— История вашего поступления в ГИТИС очень интересна. Вы не бредили актерской профессией, а поехали из Таганрога в Москву по зову старшего брата. Что необычного он в вас рассмотрел? Могли бы поступить в мореходку, ходить в заграничные рейсы и жить припеваючи.
— Я плохо учился... Какая мореходка с экзаменом по математике?! О чем вы говорите? А так как я занимался бальными танцами, Сашка решил, что есть шанс. Действительно, театром я не бредил. В детстве был там всего раз — с компанией пацанов на последнем ряду лузгал семечки.

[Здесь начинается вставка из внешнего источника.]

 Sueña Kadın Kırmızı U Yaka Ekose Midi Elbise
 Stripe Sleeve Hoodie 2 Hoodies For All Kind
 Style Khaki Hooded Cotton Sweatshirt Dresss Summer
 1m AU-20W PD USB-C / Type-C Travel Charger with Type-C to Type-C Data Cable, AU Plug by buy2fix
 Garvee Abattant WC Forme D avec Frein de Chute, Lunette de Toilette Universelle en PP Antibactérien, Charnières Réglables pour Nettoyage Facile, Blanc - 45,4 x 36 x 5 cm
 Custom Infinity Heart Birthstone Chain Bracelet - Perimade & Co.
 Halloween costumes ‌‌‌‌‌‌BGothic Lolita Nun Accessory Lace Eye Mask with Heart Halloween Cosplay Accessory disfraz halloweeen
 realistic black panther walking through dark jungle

Саша (солист Большого театра Александр Науменко. — Прим. ред.) уже учился в Московской консерватории, когда в столицу прибыл я. Вместе пошли на прослушивание в ГИТИС. Перед членами приемной комиссии я с чувством произнес:
— Николай Добрынин, ТаХанроХ.
Мне тут же сказали:
— Всего доброго, до свидания.
Вышел из аудитории и радостно сообщил брату:
— По-моему, меня приняли.
— Ага, Коль... Конечно.
Пришлось уехать в Ростов. Там поступил в театральное училище, за год справился с говором, стал нормально произносить букву Г. Но южную мелодичность так и не убрал. На меня в кино давно все плюнули: «Ну пусть один такой урод будет». В «Легенде Феррари» сыграл полковника, начальника белогвардейской контрразведки. Породистого такого мужика. Героиня ему говорит: «Вы не из Москвы... Похоже, с юга. У вас мелодика речи южная». Самому пришлось придумать эту фразу, чтобы оправдать речь персонажа, иначе зритель не поверил бы.

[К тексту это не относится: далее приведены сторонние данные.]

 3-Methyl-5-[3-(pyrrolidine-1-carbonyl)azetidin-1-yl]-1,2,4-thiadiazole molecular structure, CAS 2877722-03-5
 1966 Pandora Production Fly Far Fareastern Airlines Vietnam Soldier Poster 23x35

— То, что вернулись в столицу снова пробовать силы, говорит о ваших амбициях. На что рассчитывали?
— В Ростове мне было абсолютно неинтересно. Представлял с тоской, как окончу училище, устроюсь в местный театр и лет через сорок выйду на пенсию. А еще армия светила. В общем, снова приехал в Москву. Прошел и во ВГИК, и в ГИТИС. Оставался финальный экзамен.
Будущий мастер курса Ирина Ильинична Судакова, взяв за шкирку, сказала: «Коля, беру тебя! Никуда больше не ходи». И, слава богу, я остался в ГИТИСе, потому что Судакова — великая! До нас много лет проработала вторым педагогом у Андрея Гончарова.
Все четыре года она нас просто не выпускала из рук! Ей помогала Лидия Николаевна Князева — помните Мартышку из «Айболита-66»? — любимая моя травести... Еще преподавал молодой Валера Белякович, который уже гремел со своим Театром на Юго-Западе.
В то время таланты могли прорваться, хотя и блатных было полно. Помню, как поразился, что за поступление ребенка в театральный родители расплачивались ключами от «Волги». Машина стоила девять тысяч рублей, средняя зарплата — рублей сто двадцать. Я же за пятачок доехал до ГИТИСа и стал студентом.
— Наверное, страшно радовались жизни?
— Наоборот. Вдруг ушел в такую грусть-печаль, что однокурсники прозвали «мировой скорбью». Обчитался Достоевского и бросился искать правду. Однажды сказал: «Вы все врете!» — и собрал вещи, чтобы вернуться в Таганрог. Остаться уговорил Андрей Анкудинов. Не помню, что конкретно он говорил, но я подумал: из Москвы уехать еще успею.